There were our friends the wise men. These were not a ragtag band of straggling astrologers; the gifts they gave to Jesus – gold, frankincense, and myrrh – these were kingly and expensive gifts indeed. And when they came, they were given an audience with King Herod in Jerusalem. One does not simply walk into Herod’s chambers and have a chat if one is not a person of some stature. They had seen the star roughly two years before their arrival in Jerusalem and probably came with an entire caravan with camels, tents, and servants. And this makes their story all the more remarkable. Because when they went from Herod and made their way to Bethlehem, and into a little space where the animals of village folk could stay, they didn’t up and leave, seeing such a place as beneath them, but in great humility, probably in fine well made clothes, gave their gifts and worshipped Jesus. Humility allows even the well born to recognize Jesus for who he really is.
There are also the shepherds. Poor and likely uneducated, they were in many ways the opposite of the wise men, but when they heard the angel’s message, and saw the heavenly chorus, they responded in faith, trusting that what the angels had said was true, despite the strangeness of the news. It might not seem that a poor woman’s baby was going to break the bonds of Roman oppression, but by faith they too saw Jesus for who he really is.
We need faith, because this work of God is a strange work, is it not? By some unfathomable mystery the word who holds the world in place became incarnate, took on human flesh, and dwelt among us, and so lifted our human nature that death itself no longer has dominion over us. It’s a strange work, and a hidden one! For nine months, God was hidden in Mary’s womb, and in hiddenness God’s work was already begun.
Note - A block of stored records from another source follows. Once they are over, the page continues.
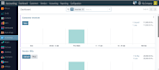 develop custom odoo modules according to your need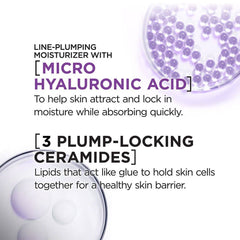 L'Oreal Paris Revitalift Derm Intensives® Micro Hyaluronic Acid + Ceramides Line-Plumping Water Cream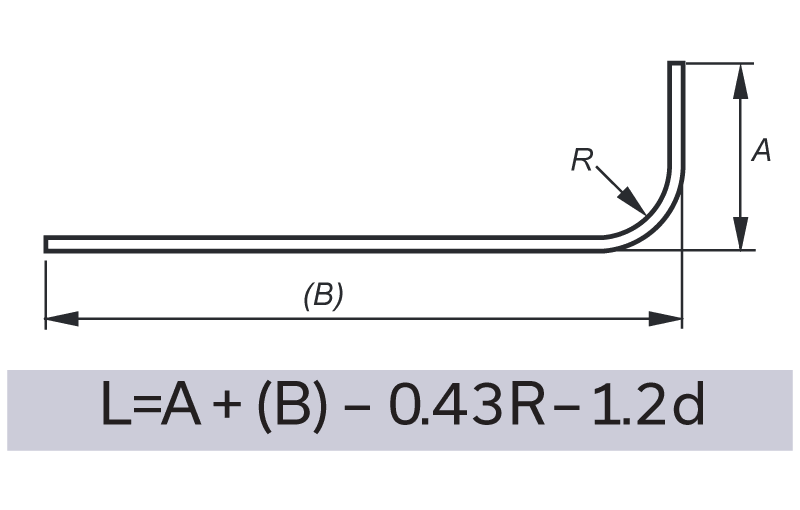 Rebar Shape Codes - Reinforcement Products Online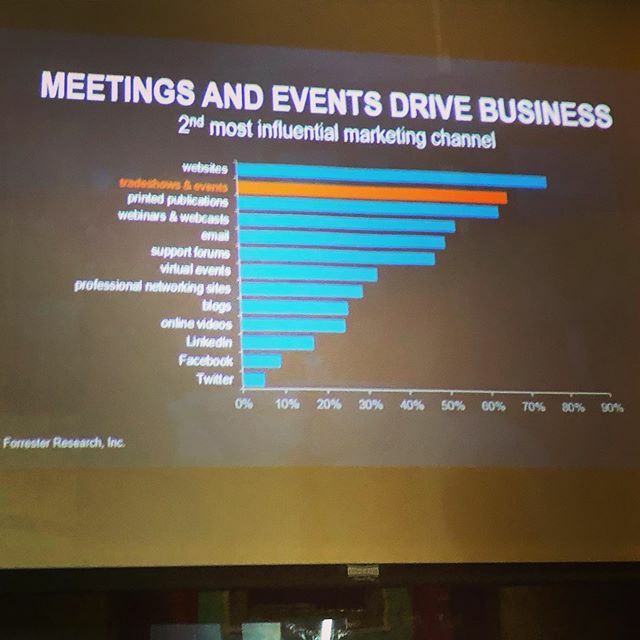 MainstayDesign's tweet image. Event marketing matters.  Marketing value chart. Big thanks to  @cvent_inc @seasons52 #Li #eventplanner #eventmarketing #eventmarketing ift.tt/2Oq9ftk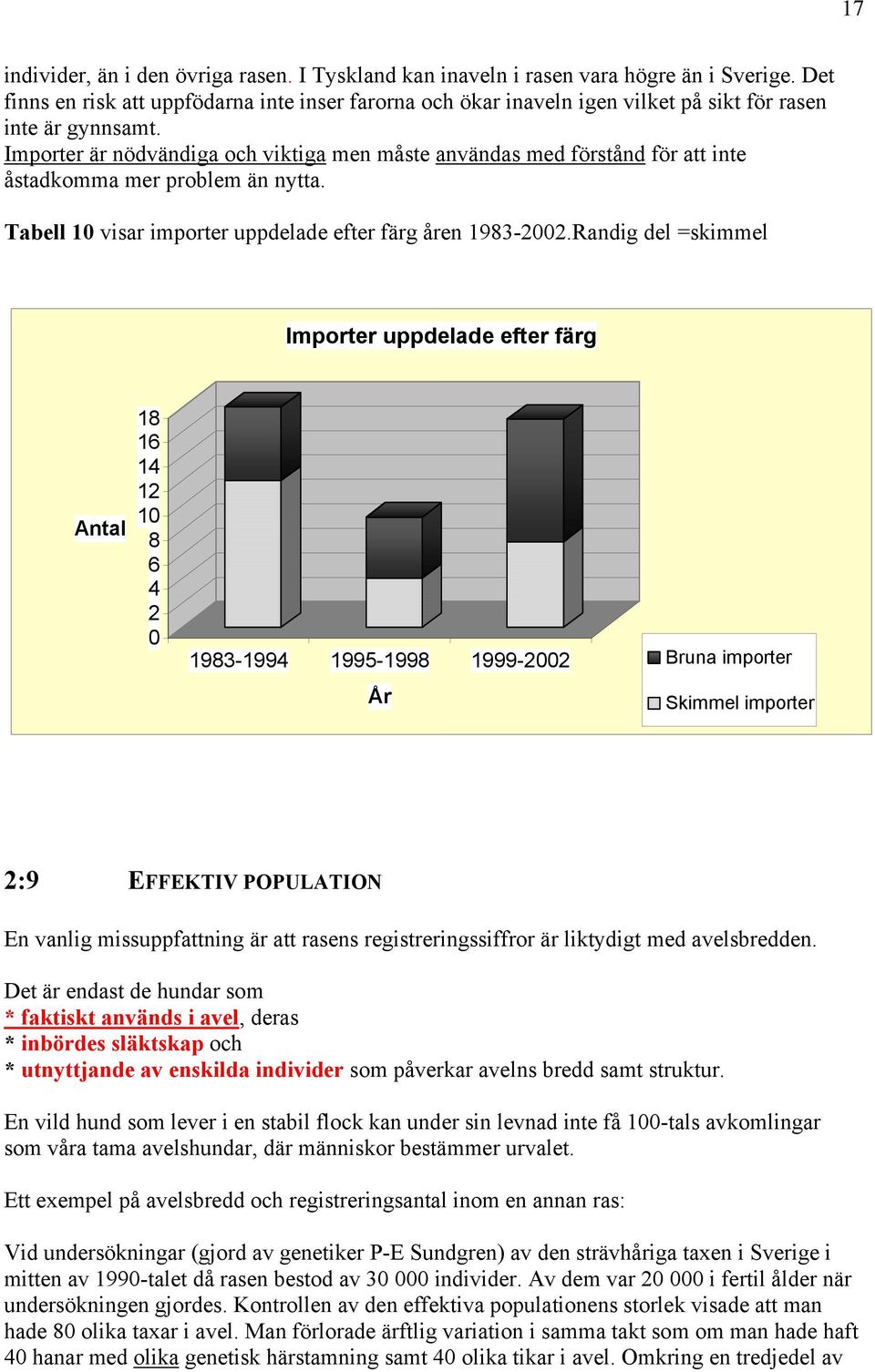 Importer är nödvändiga och viktiga men måste användas med förstånd för att inte åstadkomma mer problem än nytta. Tabell 10 visar importer uppdelade efter färg åren 1983-2002.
It is sadly true that during the holidays, there is as much depression and hurt as there is joy. We hear about deep loneliness, alcoholism, and broken families as much as Christmas cheer. Can God’s work of salvation be present even in such darkness? The answer to this can only be a yes. Jesus, John’s Gospel tells us, is the true light that illumines every person, the true life that has the power to make us children of God. Hear this good news, then; even when the work is hidden, God has always, God did, and God will always make a way for salvation.